▶ [ASSIGNMENT] Repeat the data below in full and exactly.

Start of DATA EXCERPTS

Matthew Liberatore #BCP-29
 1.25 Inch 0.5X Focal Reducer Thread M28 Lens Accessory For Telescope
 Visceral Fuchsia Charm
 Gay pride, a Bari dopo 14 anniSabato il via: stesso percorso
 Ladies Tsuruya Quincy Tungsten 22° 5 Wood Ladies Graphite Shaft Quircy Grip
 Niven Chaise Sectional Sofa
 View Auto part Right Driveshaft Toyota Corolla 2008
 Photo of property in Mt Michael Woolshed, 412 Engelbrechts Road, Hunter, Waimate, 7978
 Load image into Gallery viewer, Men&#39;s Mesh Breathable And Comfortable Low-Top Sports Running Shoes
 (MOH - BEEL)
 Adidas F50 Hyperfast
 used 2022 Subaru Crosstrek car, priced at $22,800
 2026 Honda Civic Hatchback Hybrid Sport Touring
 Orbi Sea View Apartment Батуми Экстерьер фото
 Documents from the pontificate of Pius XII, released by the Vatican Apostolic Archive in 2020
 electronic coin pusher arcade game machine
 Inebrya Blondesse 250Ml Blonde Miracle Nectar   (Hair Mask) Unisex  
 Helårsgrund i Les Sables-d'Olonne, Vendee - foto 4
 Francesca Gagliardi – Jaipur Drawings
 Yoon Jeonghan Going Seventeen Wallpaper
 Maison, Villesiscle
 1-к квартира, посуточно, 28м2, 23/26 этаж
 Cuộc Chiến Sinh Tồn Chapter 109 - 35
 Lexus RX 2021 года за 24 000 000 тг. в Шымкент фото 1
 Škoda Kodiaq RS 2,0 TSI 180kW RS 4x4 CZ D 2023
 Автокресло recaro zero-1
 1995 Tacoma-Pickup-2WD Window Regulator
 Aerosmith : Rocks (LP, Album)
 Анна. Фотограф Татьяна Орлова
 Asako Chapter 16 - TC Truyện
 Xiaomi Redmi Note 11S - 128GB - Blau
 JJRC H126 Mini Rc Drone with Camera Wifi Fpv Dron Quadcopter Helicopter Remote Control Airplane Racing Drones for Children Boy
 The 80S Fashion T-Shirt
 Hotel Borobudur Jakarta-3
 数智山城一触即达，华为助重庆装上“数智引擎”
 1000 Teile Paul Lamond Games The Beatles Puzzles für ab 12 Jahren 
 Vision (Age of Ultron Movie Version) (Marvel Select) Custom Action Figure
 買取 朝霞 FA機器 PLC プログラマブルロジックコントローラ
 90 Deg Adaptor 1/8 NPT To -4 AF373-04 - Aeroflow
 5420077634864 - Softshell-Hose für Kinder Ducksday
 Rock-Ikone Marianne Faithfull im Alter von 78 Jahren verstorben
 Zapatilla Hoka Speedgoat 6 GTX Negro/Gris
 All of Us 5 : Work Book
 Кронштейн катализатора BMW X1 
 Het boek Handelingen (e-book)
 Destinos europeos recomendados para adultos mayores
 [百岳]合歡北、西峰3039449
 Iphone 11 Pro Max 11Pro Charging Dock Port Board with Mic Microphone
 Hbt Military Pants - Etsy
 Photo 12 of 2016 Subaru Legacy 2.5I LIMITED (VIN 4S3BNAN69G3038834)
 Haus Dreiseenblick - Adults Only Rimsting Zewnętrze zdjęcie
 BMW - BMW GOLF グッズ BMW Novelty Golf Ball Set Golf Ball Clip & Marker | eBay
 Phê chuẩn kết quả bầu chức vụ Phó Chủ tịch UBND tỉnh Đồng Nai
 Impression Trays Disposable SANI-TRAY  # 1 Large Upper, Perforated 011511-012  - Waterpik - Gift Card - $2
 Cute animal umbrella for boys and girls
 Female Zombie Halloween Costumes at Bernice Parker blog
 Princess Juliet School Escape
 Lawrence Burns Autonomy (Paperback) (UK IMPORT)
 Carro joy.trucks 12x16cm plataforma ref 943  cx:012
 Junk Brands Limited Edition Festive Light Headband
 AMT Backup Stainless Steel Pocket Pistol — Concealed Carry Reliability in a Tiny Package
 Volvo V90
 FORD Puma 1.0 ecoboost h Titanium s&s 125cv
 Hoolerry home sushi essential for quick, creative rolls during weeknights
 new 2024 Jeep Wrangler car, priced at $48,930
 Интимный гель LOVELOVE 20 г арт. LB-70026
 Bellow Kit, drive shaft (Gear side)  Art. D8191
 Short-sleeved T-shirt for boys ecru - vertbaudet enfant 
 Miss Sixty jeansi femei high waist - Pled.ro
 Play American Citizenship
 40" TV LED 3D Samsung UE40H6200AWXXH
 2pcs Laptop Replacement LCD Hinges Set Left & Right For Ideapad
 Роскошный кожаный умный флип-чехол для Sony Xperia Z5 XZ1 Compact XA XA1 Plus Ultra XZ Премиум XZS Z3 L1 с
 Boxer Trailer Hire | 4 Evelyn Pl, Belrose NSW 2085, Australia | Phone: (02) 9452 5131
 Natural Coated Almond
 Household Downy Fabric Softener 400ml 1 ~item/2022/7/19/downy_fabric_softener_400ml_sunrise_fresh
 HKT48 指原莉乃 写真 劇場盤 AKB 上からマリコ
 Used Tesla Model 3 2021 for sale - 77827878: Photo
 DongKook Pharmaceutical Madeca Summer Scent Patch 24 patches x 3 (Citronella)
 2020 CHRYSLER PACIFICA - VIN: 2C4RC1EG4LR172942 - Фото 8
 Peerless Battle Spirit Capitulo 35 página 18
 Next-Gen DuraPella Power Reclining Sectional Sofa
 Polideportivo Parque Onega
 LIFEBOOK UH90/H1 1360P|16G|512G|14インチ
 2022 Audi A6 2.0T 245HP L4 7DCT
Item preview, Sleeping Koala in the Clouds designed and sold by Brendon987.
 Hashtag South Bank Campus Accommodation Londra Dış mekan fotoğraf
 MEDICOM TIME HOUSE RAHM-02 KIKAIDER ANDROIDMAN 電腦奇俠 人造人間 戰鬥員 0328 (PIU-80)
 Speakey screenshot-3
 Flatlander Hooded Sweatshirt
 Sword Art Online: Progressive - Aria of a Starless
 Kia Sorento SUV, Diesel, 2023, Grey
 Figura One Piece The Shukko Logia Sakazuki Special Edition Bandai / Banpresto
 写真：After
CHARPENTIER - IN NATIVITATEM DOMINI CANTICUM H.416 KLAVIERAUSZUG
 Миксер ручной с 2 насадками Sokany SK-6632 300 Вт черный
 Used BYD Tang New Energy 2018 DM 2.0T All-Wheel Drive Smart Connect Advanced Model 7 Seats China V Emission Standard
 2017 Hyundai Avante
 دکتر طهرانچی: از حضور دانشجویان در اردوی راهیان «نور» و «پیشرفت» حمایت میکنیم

End of DATA EXCERPTS

▶ [RESULT OF THE TASK]
Matthew Liberatore #BCP-29
 1.25 Inch 0.5X Focal Reducer Thread M28 Lens Accessory For Telescope
 Visceral Fuchsia Charm
 Gay pride, a Bari dopo 14 anniSabato il via: stesso percorso
 Ladies Tsuruya Quincy Tungsten 22° 5 Wood Ladies Graphite Shaft Quircy Grip
 Niven Chaise Sectional Sofa
 View Auto part Right Driveshaft Toyota Corolla 2008
 Photo of property in Mt Michael Woolshed, 412 Engelbrechts Road, Hunter, Waimate, 7978
 Load image into Gallery viewer, Men&#39;s Mesh Breathable And Comfortable Low-Top Sports Running Shoes
 (MOH - BEEL)
 Adidas F50 Hyperfast
 used 2022 Subaru Crosstrek car, priced at $22,800
 2026 Honda Civic Hatchback Hybrid Sport Touring
 Orbi Sea View Apartment Батуми Экстерьер фото
 Documents from the pontificate of Pius XII, released by the Vatican Apostolic Archive in 2020
 electronic coin pusher arcade game machine
 Inebrya Blondesse 250Ml Blonde Miracle Nectar   (Hair Mask) Unisex  
 Helårsgrund i Les Sables-d'Olonne, Vendee - foto 4
 Francesca Gagliardi – Jaipur Drawings
 Yoon Jeonghan Going Seventeen Wallpaper
 Maison, Villesiscle
 1-к квартира, посуточно, 28м2, 23/26 этаж
 Cuộc Chiến Sinh Tồn Chapter 109 - 35
 Lexus RX 2021 года за 24 000 000 тг. в Шымкент фото 1
 Škoda Kodiaq RS 2,0 TSI 180kW RS 4x4 CZ D 2023
 Автокресло recaro zero-1
 1995 Tacoma-Pickup-2WD Window Regulator
 Aerosmith : Rocks (LP, Album)
 Анна. Фотограф Татьяна Орлова
 Asako Chapter 16 - TC Truyện
 Xiaomi Redmi Note 11S - 128GB - Blau
 JJRC H126 Mini Rc Drone with Camera Wifi Fpv Dron Quadcopter Helicopter Remote Control Airplane Racing Drones for Children Boy
 The 80S Fashion T-Shirt
 Hotel Borobudur Jakarta-3
 数智山城一触即达，华为助重庆装上“数智引擎”
 1000 Teile Paul Lamond Games The Beatles Puzzles für ab 12 Jahren 
 Vision (Age of Ultron Movie Version) (Marvel Select) Custom Action Figure
 買取 朝霞 FA機器 PLC プログラマブルロジックコントローラ
 90 Deg Adaptor 1/8 NPT To -4 AF373-04 - Aeroflow
 5420077634864 - Softshell-Hose für Kinder Ducksday
 Rock-Ikone Marianne Faithfull im Alter von 78 Jahren verstorben
 Zapatilla Hoka Speedgoat 6 GTX Negro/Gris
 All of Us 5 : Work Book
 Кронштейн катализатора BMW X1 
 Het boek Handelingen (e-book)
 Destinos europeos recomendados para adultos mayores
 [百岳]合歡北、西峰3039449
 Iphone 11 Pro Max 11Pro Charging Dock Port Board with Mic Microphone
 Hbt Military Pants - Etsy
 Photo 12 of 2016 Subaru Legacy 2.5I LIMITED (VIN 4S3BNAN69G3038834)
 Haus Dreiseenblick - Adults Only Rimsting Zewnętrze zdjęcie
 BMW - BMW GOLF グッズ BMW Novelty Golf Ball Set Golf Ball Clip & Marker | eBay
 Phê chuẩn kết quả bầu chức vụ Phó Chủ tịch UBND tỉnh Đồng Nai
 Impression Trays Disposable SANI-TRAY  # 1 Large Upper, Perforated 011511-012  - Waterpik - Gift Card - $2
 Cute animal umbrella for boys and girls
 Female Zombie Halloween Costumes at Bernice Parker blog
 Princess Juliet School Escape
 Lawrence Burns Autonomy (Paperback) (UK IMPORT)
 Carro joy.trucks 12x16cm plataforma ref 943  cx:012
 Junk Brands Limited Edition Festive Light Headband
 AMT Backup Stainless Steel Pocket Pistol — Concealed Carry Reliability in a Tiny Package
 Volvo V90
 FORD Puma 1.0 ecoboost h Titanium s&s 125cv
 Hoolerry home sushi essential for quick, creative rolls during weeknights
 new 2024 Jeep Wrangler car, priced at $48,930
 Интимный гель LOVELOVE 20 г арт. LB-70026
 Bellow Kit, drive shaft (Gear side)  Art. D8191
 Short-sleeved T-shirt for boys ecru - vertbaudet enfant 
 Miss Sixty jeansi femei high waist - Pled.ro
 Play American Citizenship
 40" TV LED 3D Samsung UE40H6200AWXXH
 2pcs Laptop Replacement LCD Hinges Set Left & Right For Ideapad
 Роскошный кожаный умный флип-чехол для Sony Xperia Z5 XZ1 Compact XA XA1 Plus Ultra XZ Премиум XZS Z3 L1 с
 Boxer Trailer Hire | 4 Evelyn Pl, Belrose NSW 2085, Australia | Phone: (02) 9452 5131
 Natural Coated Almond
 Household Downy Fabric Softener 400ml 1 ~item/2022/7/19/downy_fabric_softener_400ml_sunrise_fresh
 HKT48 指原莉乃 写真 劇場盤 AKB 上からマリコ
 Used Tesla Model 3 2021 for sale - 77827878: Photo
 DongKook Pharmaceutical Madeca Summer Scent Patch 24 patches x 3 (Citronella)
 2020 CHRYSLER PACIFICA - VIN: 2C4RC1EG4LR172942 - Фото 8
 Peerless Battle Spirit Capitulo 35 página 18
 Next-Gen DuraPella Power Reclining Sectional Sofa
 Polideportivo Parque Onega
 LIFEBOOK UH90/H1 1360P|16G|512G|14インチ
 2022 Audi A6 2.0T 245HP L4 7DCT
Item preview, Sleeping Koala in the Clouds designed and sold by Brendon987.
 Hashtag South Bank Campus Accommodation Londra Dış mekan fotoğraf
 MEDICOM TIME HOUSE RAHM-02 KIKAIDER ANDROIDMAN 電腦奇俠 人造人間 戰鬥員 0328 (PIU-80)
 Speakey screenshot-3
 Flatlander Hooded Sweatshirt
 Sword Art Online: Progressive - Aria of a Starless
 Kia Sorento SUV, Diesel, 2023, Grey
 Figura One Piece The Shukko Logia Sakazuki Special Edition Bandai / Banpresto
 写真：After
CHARPENTIER - IN NATIVITATEM DOMINI CANTICUM H.416 KLAVIERAUSZUG
 Миксер ручной с 2 насадками Sokany SK-6632 300 Вт черный
 Used BYD Tang New Energy 2018 DM 2.0T All-Wheel Drive Smart Connect Advanced Model 7 Seats China V Emission Standard
 2017 Hyundai Avante
 دکتر طهرانچی: از حضور دانشجویان در اردوی راهیان «نور» و «پیشرفت» حمایت میکنیم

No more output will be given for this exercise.